# grizzly g5979



## robert421960 (Dec 9, 2010)

i found a used one with a chuck a faceplate and about 20 marples( if i spelled that right)knifes
$250
what do you all think of this?
i have a craftman lathe with the round bed and im not happy with it


----------



## ACP (Jan 24, 2009)

It looks like a discontinued Grizzly model. It also looks like the Harbor Freight lathe which is 250 new. What kind of chuck is it? Are the Marples lathe chisels serviceable, as in do they still have enough steel left for using or are they sharpened to nothing? Are they HSS? It looks like it has a stamped steel frame. I have a grizzly lathe and it has the stamped steel frame too, although it'ss a little bigger than this one, I did anchor it to the ground to reduce vibration. 3/4 HP. That's what mine is. Powerful? Not really, but with sharp tools it works. Maybe offer $200? Mine is the G1495 and I got it for $200 on c-list. Depends on what you want to turn I suppose.


----------



## robert421960 (Dec 9, 2010)

this one is a 1/2 hp 
i have looked at the owners manual and thought it looked ok but maybe not
i had hi hopes of alot of comments on here one way or the other to help me with what to do but
93 looks and 1 comment is all i have so far


----------



## RetiredLE (Jan 20, 2011)

I recently purchased a used Grizzly lathe (the G1495 with the G2891 Copy Attachment) and love it. I did a search on the lathe you are looking at and the gist of it was that it was/is underpowered.


----------



## dbhost (Jan 28, 2008)

When I was looking at lathes, the G5979 came up in my searches as well.
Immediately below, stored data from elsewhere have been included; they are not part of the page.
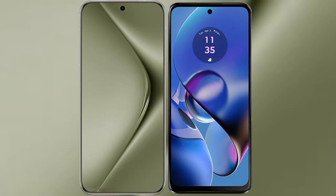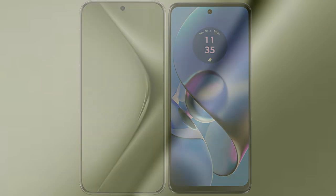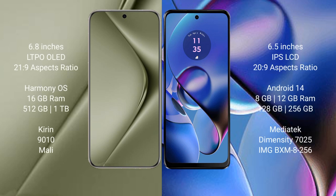I will compare the new Huawei Pura 70 Ultra with Motorola Moto G64. Huawei Pura 70 Ultra comes with a 6.8 inches LTPO OLED display and 6:21.9 aspect ratio. Motorola Moto G64 comes with a 6.5 inches IPS LCD display and 6:21.9 aspect ratio.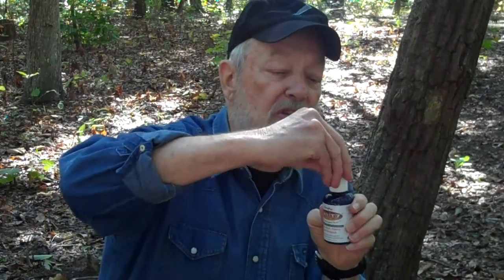It comes in a plastic bottle so it's not breakable and it won't ruin your tool chest. Also, it's easy to apply because it's got an applicator on the top that puts out a drop at a time.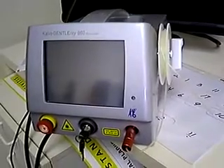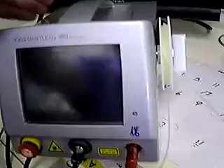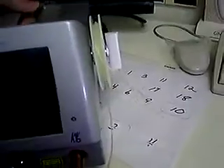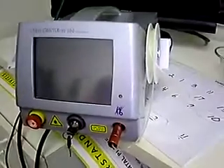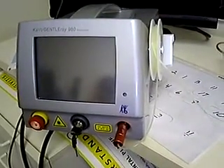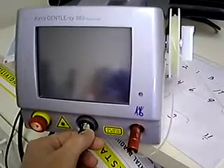Here is the Kavo 980 laser, the Gentleray. It's a pretty compact unit — not very heavy, simple to carry in one hand. It has this white piece here, which means you can take the fiber spool and place it on either side of the unit. It does have a corded foot pedal, and it's not difficult to move around.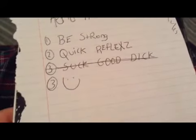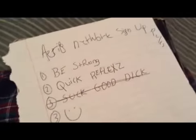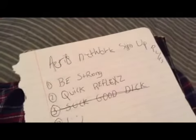I couldn't really think of a third one, so I just put a happy face. So if you can follow all these steps, you should be able to get into the Aereo network sign-up rules.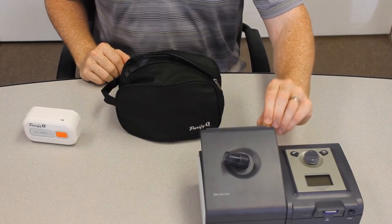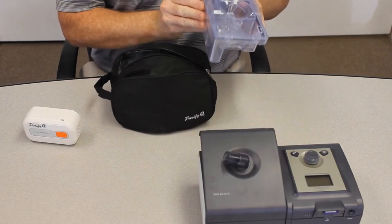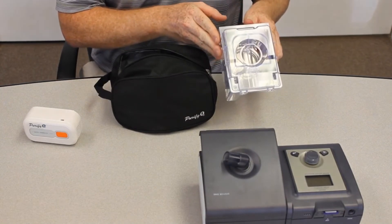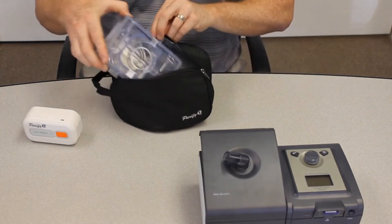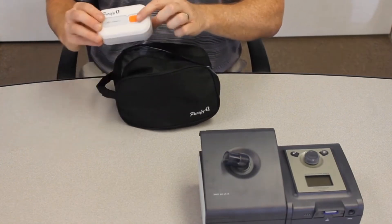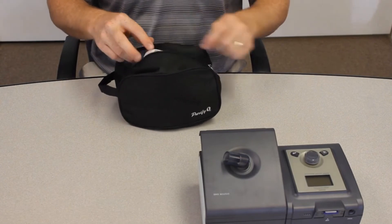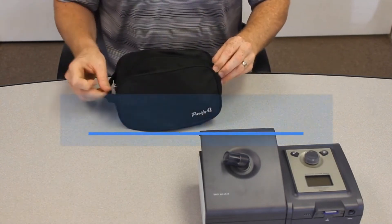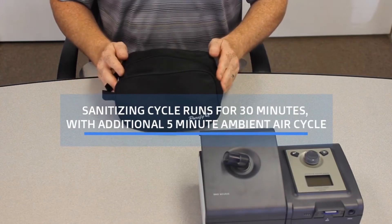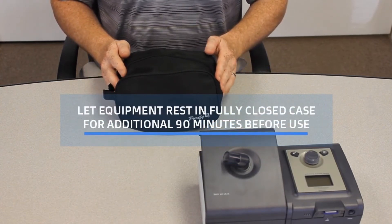We will now sanitize the water chamber. If you have any water in your chamber, go ahead and empty that out. Put the chamber into the sanitizing case. Hold down the on button for three seconds, put the Purify O3 in the sanitizing case, and go ahead and seal that up. The unit will run for 35 minutes and then we'll wait an additional 90 minutes.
I have heard very bad things about the motor in those... The HF uses a different 3/4 HP motor and seems to be quite a bit more reliable... If you are looking at that style lathe, look for a 20% off coupon from Harbor Freight and grab a #34706. I love mine...


----------



## The Engineer (Mar 16, 2010)

If you pick up a Wood magazine this month there is a HF ad in there with the 20% off coupon and also lists the #34706 lathe on sale for $199. Sometimes they will give you the sales price and still let you combine the 20% off. I bought the 10" X 18" mini lathe with 5 speed and 1/2 hp back in November and they let me do that. Got the lathe for $154 plus tax. You do have to have the coupon to get that sale price.


----------